Chapter 1 Expectation Theorems

This chapter sets out some of the basic theorems that can be derived from the definition of expectations, as highlighted by Wooldridge. I have combined his first two points into a single overview of expectation maths. The theorems themselves are not as immediately relevant to applied research as some of the later theorems on Wooldridge’s list. However, they often form the fundamental basis upon which future proofs are conducted.

1.1 Law of Iterated Expectations

The Law of Iterated Expectations (LIE) states that:

\[\begin{equation} \mathbb{E}[X] = \mathbb{E}[\mathbb{E}[X|Y]] \end{equation}\]

In plain English, the expected value of \(X\) is equal to the expectation over the conditional expectation of \(X\) given \(Y\). More simply, the mean of X is equal to a weighted mean of conditional means.
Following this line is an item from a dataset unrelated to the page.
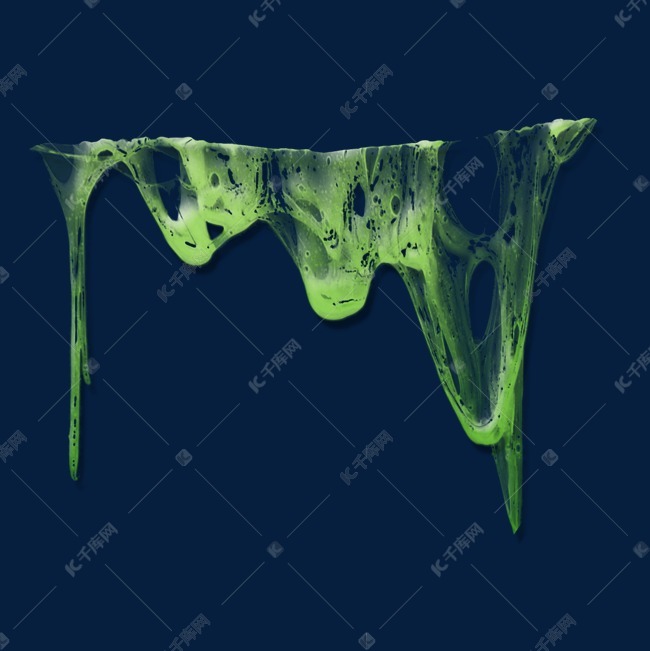 绿色逼真唾沫唾液png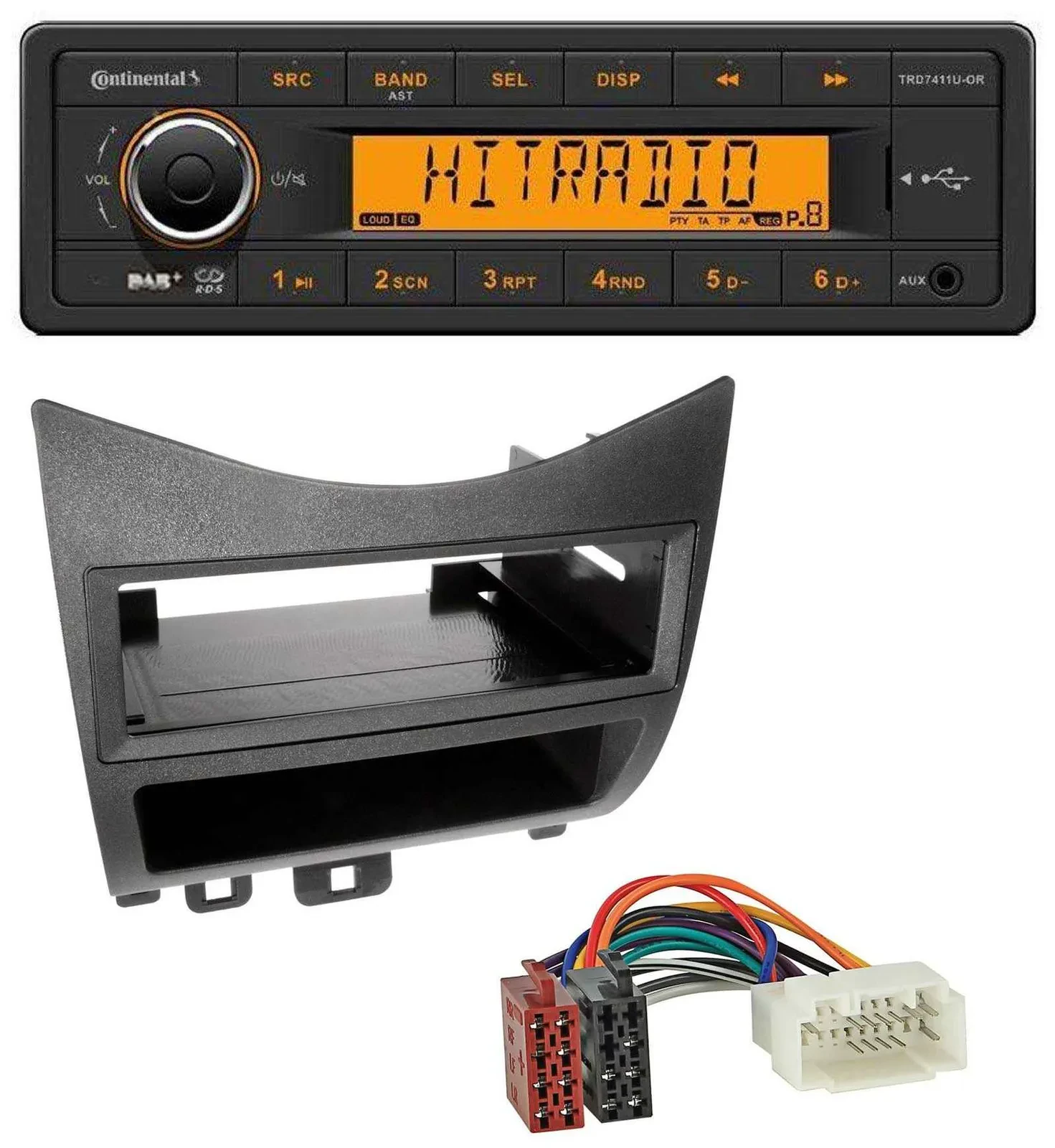 Continental 1DIN DAB MP3 AUX USB Autoradio für Honda Accord (2003-2007)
Aronow & Miller (2019) note that LIE is `one of the most important theorems’, because being able to express unconditional expectation functions in terms of conditional expectations allow you to hold some parameters fixed, making calculations more tractable.

1.1.1 Proof of LIE

First, we can express the expectation over conditional expectations as a weighted sum over all possible values of Y, and similarly express the conditional expectations using summation too:

\[\begin{align} \mathbb{E}[\mathbb{E}[X|Y]] &= \sum_y\mathbb{E}[X|Y=y]P(Y=y) \\ &= \sum_y\sum_x xP(X=x|Y=y)P(Y=y) \label{eq:lie_expand} \\ &= \sum_y\sum_x xP(Y=y|X=x)P(X=x). \label{eq:lie_bayes}, \end{align}\]
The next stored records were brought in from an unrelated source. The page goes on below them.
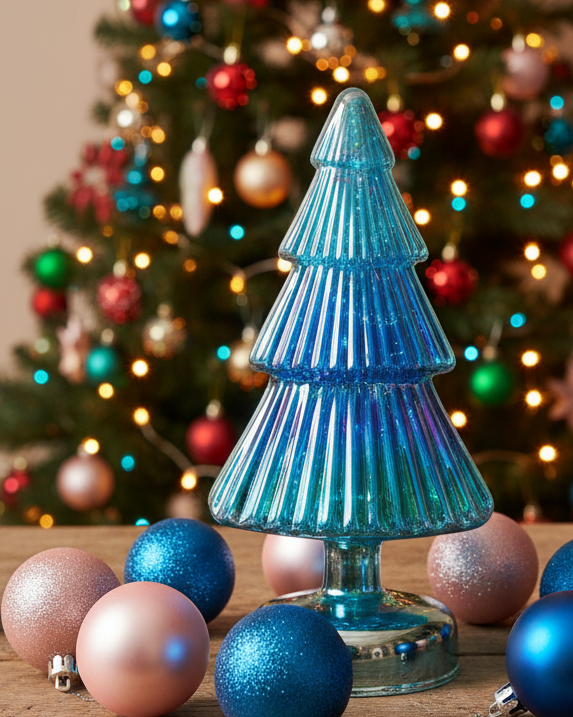 Christmas Cheer All Year cody foster &amp; co iridescent blue glass christmas tree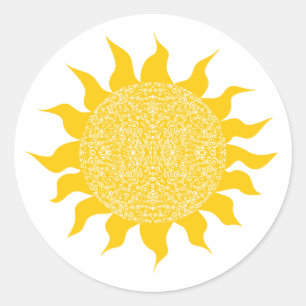 Zonneschijn Heldere Gele Zon Ronde Sticker
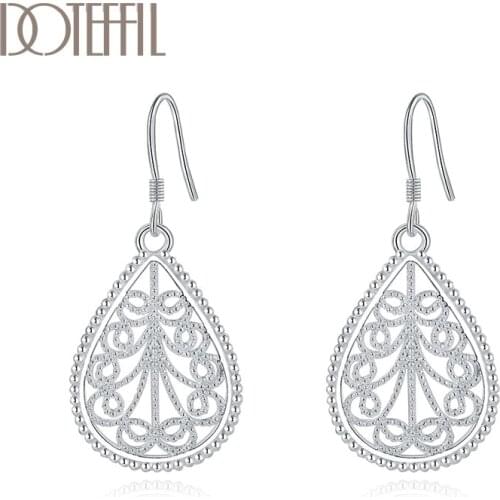 DOTEFFIL 925 Sterling Silver Hollow Flower Drop Earrings Charm Women Jewelry Fashion Wedding Engagement Party Gift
Note that the final line follows due to Bayes’ Rule.1 And so:

\[\begin{align} ... &= \sum_y\sum_x xP(X=x)P(Y=y|X=x) \label{eq:rearrange}\\ &= \sum_x xP(X=x) \sum_y P(Y=y|X=x) \label{eq:shift}\\ &= \sum_x xP(X=x) \label{eq:equals_one}\\ &= \mathbb{E}[X] \; \; \; \square \end{align}\]
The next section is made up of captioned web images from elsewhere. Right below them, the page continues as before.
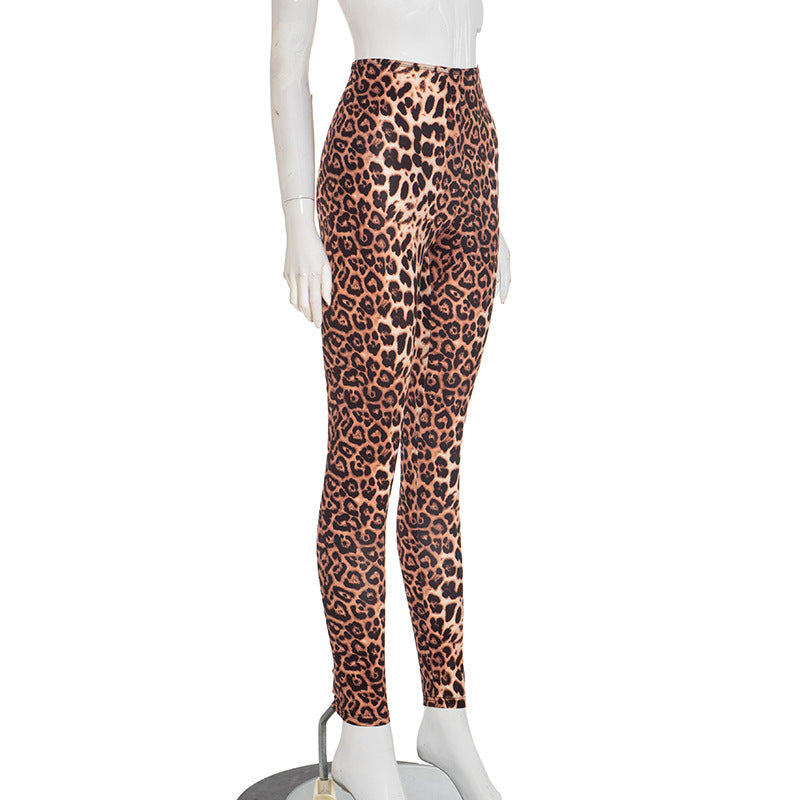 MB1074 Leopard Print Skinny Pants for Women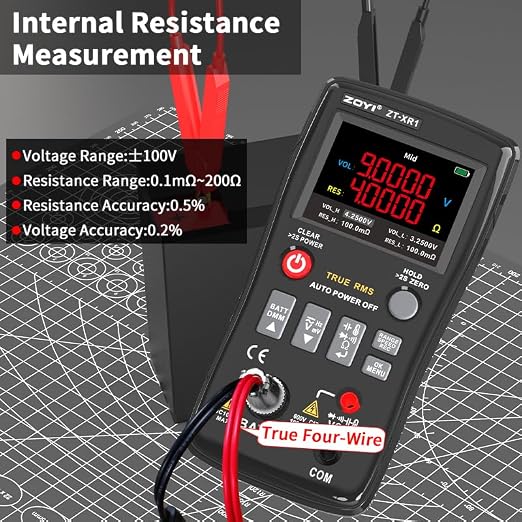 ZOYI Battery Internal Resistance Tester 2 in 1 multimeter Battery Voltage Meter Car Battery Tester for AAA AA Model 0.1mΩ-200Ω
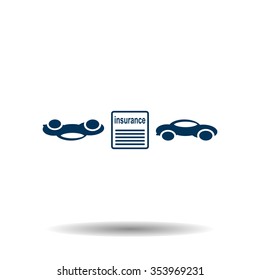 Car crash and accidents. Collection modern trend concept design style illustration symbol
The last steps of the proof are reasonably simple. Equation \(\ref{eq:rearrange}\) is a trivial rearrangement of terms. The second line follows since \(y\) does not appear in \(xP(X=x)\) and so we can move the summation over \(Y\) to within the summation over \(X\). The final line follows from the fact that the sum of the conditional probabilities \(P(Y=y|X=x)=1\) (by simple probability theory).

1.2 Law of Total Variance

The Law of Total Variance (LTV) states the following: \[\begin{equation} var[Y] = \mathbb{E}[var[Y|X]] + var(\mathbb{E}[Y|X]) \end{equation}\]

1.2.1 Proof of LTV

LTV can be proved almost immediately using LIE and the definition of variance:

\[\begin{align} var(Y) &= \mathbb{E}[Y^2] - \mathbb{E}[Y]^2 \label{eq:var_def} \\ &= \mathbb{E}[\mathbb{E}[Y^2|X]] - \mathbb{E}[\mathbb{E}[Y|X]]^2 \label{eq:var_lie} \\ &= \mathbb{E}[var[Y|X] + \mathbb{E}[Y]^2]] - \mathbb{E}[\mathbb{E}[Y|X]]^2 \label{eq:var_by10}\\ &= \mathbb{E}[var[Y|X]] + (\mathbb{E}[\mathbb{E}[Y]^2] - \mathbb{E}[\mathbb{E}[Y|X]]^2) \label{eq:var_eshift}\\ &= \mathbb{E}[var[Y|X]] + var(\mathbb{E}[Y|X]) \label{eq:var_by10_2} \; \; \; \square \end{align}\]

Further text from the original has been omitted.